Goldhill will deliver a talk titled “Sappho, Lincoln, and the Senate: Picturing 19th-Century Female Desire” on Tuesday, Nov. 27, at 5 p.m. in Rm. 208 of the Whitney Humanities Center. It is free and open to the public.
This series has been organized to accompany the Yale College seminar offered by Tim Barringer, the Paul Mellon Professor of the History of Art, and Milette Gaifman, associate professor of history of art and classics. The seminar is taught in conjunction with the Yale Center for British Art’s exhibition “The English Prize: The Capture of the ‘Westmorland,’ An Episode of the Grand Tour.”
Goldhill is a fellow of King’s College, and director of the Cambridge Centre for Research in Arts, Social Sciences, and the Humanities. He is also director of the Cambridge Victorian Studies Group and a fellow of the American Academy of Arts and Sciences.
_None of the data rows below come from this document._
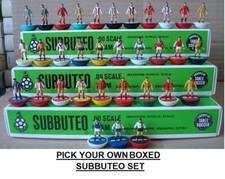 Boxed Subbuteo C100- 63000 Figure-Team Sets *PICK YOUR OWN* Free Postage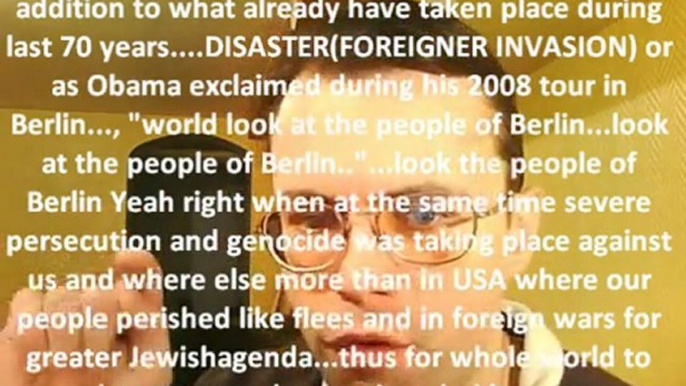 PART 63 - How criminal American apparatus(traitors who represent themselves as patriots) is eating entire continent and devaluating truth about genocide which is taking place against us.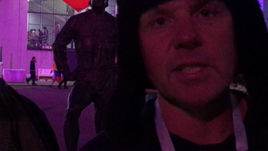 Английский болельщик: "Граффити на памятнике Черенкову? Это не мог сделать настоящий фанат Англии!"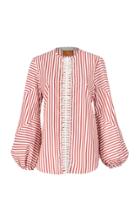 Moda Operandi Silvia Tcherassi Filia Striped Poplin Blouse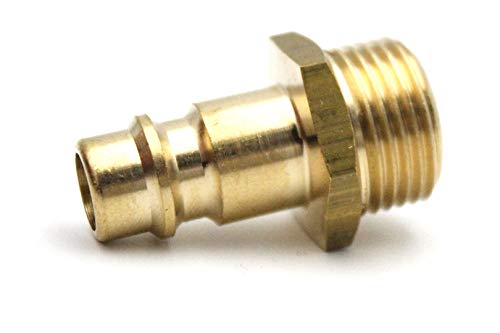 Preisvergleich Produktbild Stecknippel Kupplungsstecker mit Außengewinde 1 / 4"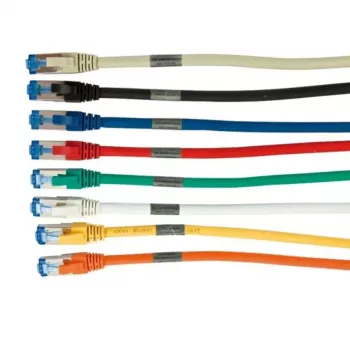 Sieťový kábel Synergy 21 S216516 25m Cat6a S/FTP oranžový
Goldhill has published widely on Greek literature (especially Greek tragedy) and Victorian culture’s engagement with antiquity. His most recent books are “Sophocles and the Language of Tragedy,” “Victorian Culture and Classical Antiquity: Art, Opera, Fiction, and the Proclamation of Modernity,” and “Freud’s Couch, Scott’s Buttocks, Brontë’s Grave.” He has lectured worldwide and appeared on radio and television in Europe, Australia, the United States, and Canada. His work has been translated into nine languages.
Sponsored by the Whitney Humanities Center, the Franke Lectures are made possible by the generosity of Richard and Barbara Franke, and are intended to present important topics in the humanities to a wide and general audience.